Water is an extremely important resource in Palestine; yet, its inhabitants struggle to obtain adequate amounts of it to survive. When Palestine and Israel signed the Oslo Accords, Palestinians were to receive a certain degree of water access. However, the population of Palestine has doubled since the Oslo Accords came into play. Despite its growing population, Palestine retains the same amount of water access as in 1995. This is troublesome, considering the Oslo Accords’ purpose was to guarantee Palestinians’ water supply would increase to about 200 million cubic meters by 2000. The current amount of water access the Palestinian people have is simply insufficient. In the face of this dire situation, various international organizations are working on improving the water supply in Palestine.
United States Agency for International Development (USAID)
One organization that has assisted Palestinians for some time now is the international development agency, USAID. Since 1994, the group has been committed to improving Palestinian infrastructure. One of the agency’s key successes in improving water resources in Palestine was the upgrading of water distribution networks. This resulted in access to clean water for about 310,000 people as of 2014.
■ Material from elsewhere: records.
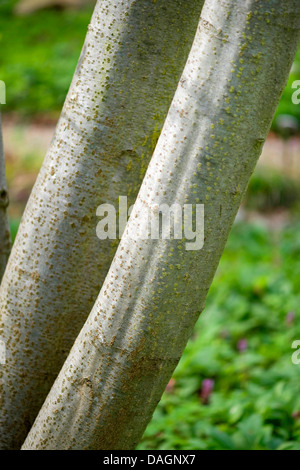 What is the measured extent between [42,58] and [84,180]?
957 centimetres

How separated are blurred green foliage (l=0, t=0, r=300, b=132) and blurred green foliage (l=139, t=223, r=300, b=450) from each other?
3842mm

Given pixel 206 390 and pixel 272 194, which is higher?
pixel 272 194

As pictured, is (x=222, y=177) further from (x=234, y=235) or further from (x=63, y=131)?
(x=234, y=235)

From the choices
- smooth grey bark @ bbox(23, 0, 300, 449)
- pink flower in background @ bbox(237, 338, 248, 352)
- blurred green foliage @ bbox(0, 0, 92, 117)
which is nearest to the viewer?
smooth grey bark @ bbox(23, 0, 300, 449)

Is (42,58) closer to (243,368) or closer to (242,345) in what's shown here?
(242,345)

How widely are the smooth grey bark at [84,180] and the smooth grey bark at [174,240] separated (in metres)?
0.18

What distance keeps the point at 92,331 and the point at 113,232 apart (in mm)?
313

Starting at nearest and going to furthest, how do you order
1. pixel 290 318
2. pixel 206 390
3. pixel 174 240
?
pixel 174 240 → pixel 206 390 → pixel 290 318

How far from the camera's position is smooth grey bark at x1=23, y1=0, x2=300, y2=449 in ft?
3.68

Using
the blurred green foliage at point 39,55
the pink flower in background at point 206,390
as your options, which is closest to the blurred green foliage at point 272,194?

Since 1994, USAID has drilled or refurbished 17 wells and installed 900 kilometers of water pipelines. In addition to helping residents meet basic human needs, USAID initiatives have improved the state’s economy. In total, the organization’s accessibility efforts have provided 1,300,000 days of employment for Palestinians.
United Nations Development Programme (UNDP)
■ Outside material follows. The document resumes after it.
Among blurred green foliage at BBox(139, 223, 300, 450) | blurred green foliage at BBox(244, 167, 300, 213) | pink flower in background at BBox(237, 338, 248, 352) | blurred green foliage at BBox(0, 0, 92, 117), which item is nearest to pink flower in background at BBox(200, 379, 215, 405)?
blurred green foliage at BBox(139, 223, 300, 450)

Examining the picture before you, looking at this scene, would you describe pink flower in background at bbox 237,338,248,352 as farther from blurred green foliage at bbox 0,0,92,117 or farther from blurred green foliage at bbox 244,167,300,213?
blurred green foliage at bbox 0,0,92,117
The United Nations Development Programme has also been improving the water supply in Palestine. One example of the program’s support is in the Palestinian city of Rafah. Here, only 7% of water is utilized for domestic use as defined by the World Health Organization. Fortunately, the UNDP aided these Palestinians by building a 3000-cubic-meter water tank. This water tank has raised the water supply for about 50% of the city’s population. To date, the UNDP has conducted 200 other projects aimed at improving water supply in Palestine.
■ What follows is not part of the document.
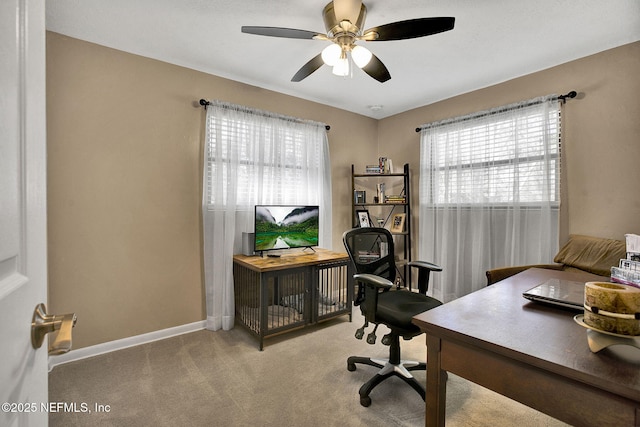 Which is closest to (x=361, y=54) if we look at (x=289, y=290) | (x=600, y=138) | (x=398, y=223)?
(x=289, y=290)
The UNDP has also initiated its Emergency Water Supply and Rehabilitation Programme. Many of the ongoing improvements have helped people in Rafah. Moreover, the Tel Al Sultan area, near Rafah, has seen boosts in its water supply as well. For example, 75,000 people living in the area have access to a reliable water supply for about 12 hours per day. This stands in stark contrast to previous statistics of half that amount, provided every three days. Another city the Emergency Water Supply and Rehabilitation Programme reaches is Beit Hanoun. About 70,000 Palestinians in this area now have a reliable source of water due to the implementation of two water tanks. Both tanks fairly distribute water from wells throughout the city. Finally, the UNDP has installed 10,000 meters of a new and improved water network that will prevent pipeline contamination.
While Palestinians still struggle to obtain the water resources that they need, they have received crucial assistance from international organizations like USAID and UNDP. As Palestine continues receiving this beneficial assistance and reaps the subsequent health and economic benefits, there is hope that this state will soon provide clean water to all of its inhabitants.